A critical access control vulnerability affecting SonicWall’s SonicOS network access solutions, SSLVPN, and management access, is being excessively exploited by ransomware affiliates for breaching victims’ networks.
Arctic Wolf researchers observed that the Virtual Private Network (VPN) access control flaw, tracked as CVE-2024-40766 with a CVSS rating of 9.3 out of 10, has been exploited actively by the Fog and Akira ransomware affiliates.
“In early August, Arctic Wolf Labs began observing a marked increase in Fog and Akira ransomware intrusions where initial access to victim environments involved the use of SonicWall SSL VPN accounts,” the researchers said in a report. They added they’ve observed “an influx of at least 30 intrusions across a variety of industries, each involving SonicWall SSL VPN early in the cyber kill chain.”
The company fixed the SonicOS flaw in late August 2024, with a disclaimer published a week later that the flaw was potentially being exploited in the wild.
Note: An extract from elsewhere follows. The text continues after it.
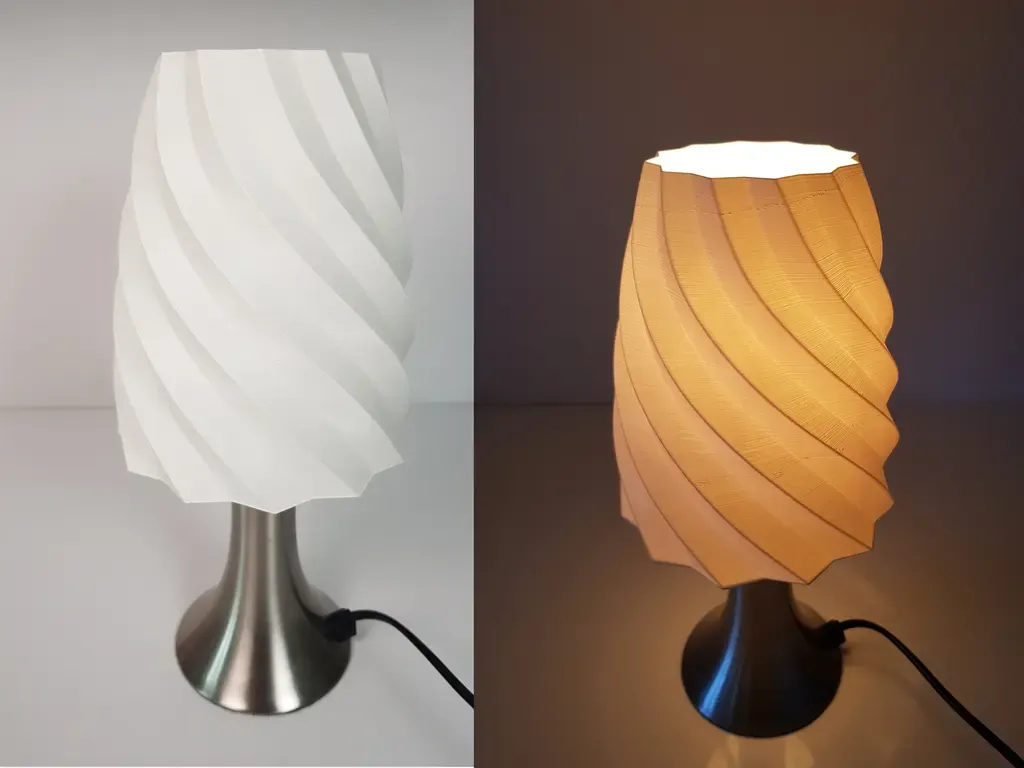 Lamp Shade / Abat Jour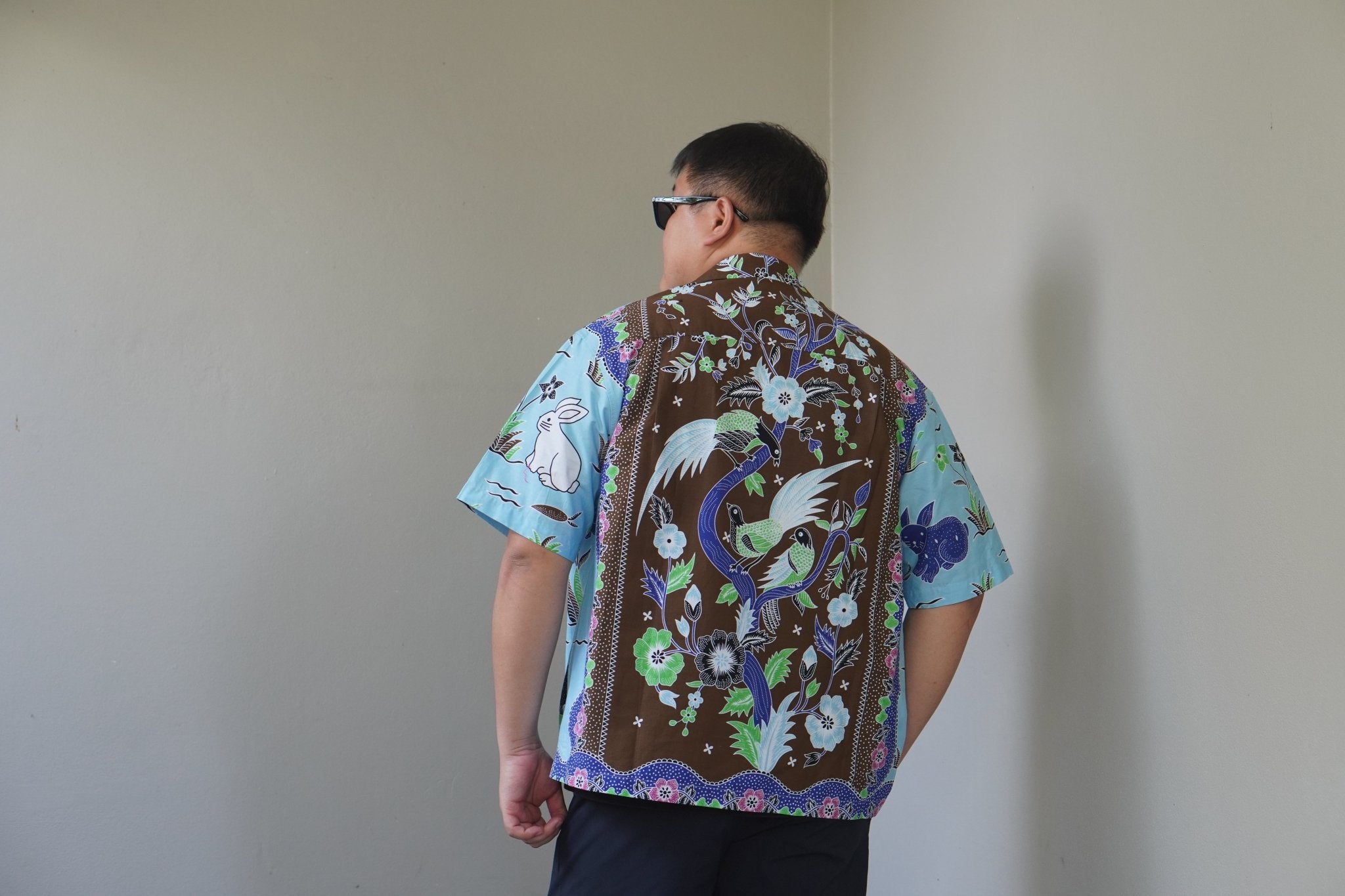 Rabbit Hawaii Shirt - BALC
Used in the initial infection
Parallel to SonicWall’s warning of the flaw’s active exploitation in September 2024, Arctic Wolf researchers had said they had been seeing an Akira ransomware campaign targeting the compromised SSLVPN accounts.
“In each instance, the compromised accounts were local to the devices themselves rather than being integrated with a centralized authentication solution such as Microsoft Active Directory,” researchers had added in a report. MFA was disabled in all the affected devices, and all affected devices ran a version compromised with CVE-2024-40766.
Now, a month later, the researchers tracking the exploitation are still observing an increased number of Fog and Akira infections involving compromised SonicWall devices. Seventy-five percent of these infections deployed Akira ransomware, while the remaining 25% of them dropped the Fog encryption payloads.
It is important to note, however, that Arctic Wolf research has no definitive evidence, neither from before August nor now, of the SonicWall flaw being actually exploited in the intrusions they investigated. The “strong conclusion” is simply drawn on the fact that all SonicWall devices found involved in the ransomware infections were running firmware versions affected by CVE-2024-40766.
“Additionally, in intrusions where firewall telemetry was available, malicious SonicWall SSL VPN login events were observed that originated from VPS (Virtual Private Server) hosting providers.” the researchers added, justifying their association.
Patch available with other ‘disabling’ workarounds
The affected SonicOS versions included 5.9.2.14-12o and older, 6.5.4.14-109n and older, and 7.0.1-5035 and older, which were fixed in versions 5.9.2.14-13o, 6.5.4.15.116n, and 7.0.1-5072, respectively.
SonicWall and Arctic Wolf strongly recommend that the affected users upgrade to the latest supported SonicOS firmware versions. Additionally, the SonicWall advisory recommends that all users of Gen5 and Gen6 devices update their passwords to prevent unauthorized access. Disabling the affected services was also included as a workaround to this issue in the SonicWall advisory.
“To minimize potential impact, SonicWall recommends restricting firewall management to trusted sources or disabling firewall WAN management from Internet access,” the company said. “Similarly, for SSLVPN, please ensure that access is limited to trusted sources, or disable SSLVPN access from the Internet.”